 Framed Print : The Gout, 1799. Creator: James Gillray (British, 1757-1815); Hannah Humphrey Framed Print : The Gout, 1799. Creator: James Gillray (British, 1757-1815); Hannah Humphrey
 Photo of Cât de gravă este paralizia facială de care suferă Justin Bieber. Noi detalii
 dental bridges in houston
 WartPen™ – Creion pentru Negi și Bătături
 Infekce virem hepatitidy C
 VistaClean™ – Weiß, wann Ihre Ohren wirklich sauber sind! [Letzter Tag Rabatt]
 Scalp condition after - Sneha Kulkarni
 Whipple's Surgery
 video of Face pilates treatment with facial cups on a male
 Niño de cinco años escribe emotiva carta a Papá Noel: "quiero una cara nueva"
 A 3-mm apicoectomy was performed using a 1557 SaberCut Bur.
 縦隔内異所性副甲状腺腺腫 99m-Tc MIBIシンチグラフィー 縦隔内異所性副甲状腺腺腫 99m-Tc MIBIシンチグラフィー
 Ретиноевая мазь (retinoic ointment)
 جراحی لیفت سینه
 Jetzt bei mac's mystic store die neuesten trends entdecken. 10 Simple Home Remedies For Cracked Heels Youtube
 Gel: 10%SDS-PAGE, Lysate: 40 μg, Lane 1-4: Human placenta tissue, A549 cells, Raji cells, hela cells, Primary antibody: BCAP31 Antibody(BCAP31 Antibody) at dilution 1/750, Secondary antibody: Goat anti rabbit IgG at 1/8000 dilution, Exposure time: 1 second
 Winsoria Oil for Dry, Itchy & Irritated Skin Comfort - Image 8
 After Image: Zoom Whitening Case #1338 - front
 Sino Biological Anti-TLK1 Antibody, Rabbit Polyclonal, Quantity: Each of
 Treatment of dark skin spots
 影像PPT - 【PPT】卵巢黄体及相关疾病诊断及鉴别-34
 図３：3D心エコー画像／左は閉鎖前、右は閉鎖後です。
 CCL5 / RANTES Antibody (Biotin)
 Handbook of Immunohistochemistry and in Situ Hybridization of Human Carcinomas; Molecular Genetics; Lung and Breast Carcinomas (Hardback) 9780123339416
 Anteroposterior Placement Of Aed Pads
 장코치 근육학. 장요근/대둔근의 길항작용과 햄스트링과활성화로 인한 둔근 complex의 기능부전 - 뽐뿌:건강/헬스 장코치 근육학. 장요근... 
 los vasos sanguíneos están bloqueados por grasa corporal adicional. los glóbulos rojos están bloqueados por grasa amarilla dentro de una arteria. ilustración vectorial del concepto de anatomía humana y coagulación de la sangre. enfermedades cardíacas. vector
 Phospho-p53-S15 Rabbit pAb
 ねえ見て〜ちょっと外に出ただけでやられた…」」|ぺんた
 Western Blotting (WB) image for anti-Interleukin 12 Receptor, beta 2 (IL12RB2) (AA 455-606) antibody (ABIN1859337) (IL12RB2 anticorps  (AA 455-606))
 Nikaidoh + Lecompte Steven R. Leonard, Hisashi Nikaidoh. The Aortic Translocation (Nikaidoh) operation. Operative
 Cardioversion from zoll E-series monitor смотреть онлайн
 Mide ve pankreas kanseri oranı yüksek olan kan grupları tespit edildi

Your goal. The full listing needs to be transcribed exactly.

Exercise response.
 Framed Print : The Gout, 1799. Creator: James Gillray (British, 1757-1815); Hannah Humphrey Framed Print : The Gout, 1799. Creator: James Gillray (British, 1757-1815); Hannah Humphrey
 Photo of Cât de gravă este paralizia facială de care suferă Justin Bieber. Noi detalii
 dental bridges in houston
 WartPen™ – Creion pentru Negi și Bătături
 Infekce virem hepatitidy C
 VistaClean™ – Weiß, wann Ihre Ohren wirklich sauber sind! [Letzter Tag Rabatt]
 Scalp condition after - Sneha Kulkarni
 Whipple's Surgery
 video of Face pilates treatment with facial cups on a male
 Niño de cinco años escribe emotiva carta a Papá Noel: "quiero una cara nueva"
 A 3-mm apicoectomy was performed using a 1557 SaberCut Bur.
 縦隔内異所性副甲状腺腺腫 99m-Tc MIBIシンチグラフィー 縦隔内異所性副甲状腺腺腫 99m-Tc MIBIシンチグラフィー
 Ретиноевая мазь (retinoic ointment)
 جراحی لیفت سینه
 Jetzt bei mac's mystic store die neuesten trends entdecken. 10 Simple Home Remedies For Cracked Heels Youtube
 Gel: 10%SDS-PAGE, Lysate: 40 μg, Lane 1-4: Human placenta tissue, A549 cells, Raji cells, hela cells, Primary antibody: BCAP31 Antibody(BCAP31 Antibody) at dilution 1/750, Secondary antibody: Goat anti rabbit IgG at 1/8000 dilution, Exposure time: 1 second
 Winsoria Oil for Dry, Itchy & Irritated Skin Comfort - Image 8
 After Image: Zoom Whitening Case #1338 - front
 Sino Biological Anti-TLK1 Antibody, Rabbit Polyclonal, Quantity: Each of
 Treatment of dark skin spots
 影像PPT - 【PPT】卵巢黄体及相关疾病诊断及鉴别-34
 図３：3D心エコー画像／左は閉鎖前、右は閉鎖後です。
 CCL5 / RANTES Antibody (Biotin)
 Handbook of Immunohistochemistry and in Situ Hybridization of Human Carcinomas; Molecular Genetics; Lung and Breast Carcinomas (Hardback) 9780123339416
 Anteroposterior Placement Of Aed Pads
 장코치 근육학. 장요근/대둔근의 길항작용과 햄스트링과활성화로 인한 둔근 complex의 기능부전 - 뽐뿌:건강/헬스 장코치 근육학. 장요근... 
 los vasos sanguíneos están bloqueados por grasa corporal adicional. los glóbulos rojos están bloqueados por grasa amarilla dentro de una arteria. ilustración vectorial del concepto de anatomía humana y coagulación de la sangre. enfermedades cardíacas. vector
 Phospho-p53-S15 Rabbit pAb
 ねえ見て〜ちょっと外に出ただけでやられた…」」|ぺんた
 Western Blotting (WB) image for anti-Interleukin 12 Receptor, beta 2 (IL12RB2) (AA 455-606) antibody (ABIN1859337) (IL12RB2 anticorps  (AA 455-606))
 Nikaidoh + Lecompte Steven R. Leonard, Hisashi Nikaidoh. The Aortic Translocation (Nikaidoh) operation. Operative
 Cardioversion from zoll E-series monitor смотреть онлайн
 Mide ve pankreas kanseri oranı yüksek olan kan grupları tespit edildi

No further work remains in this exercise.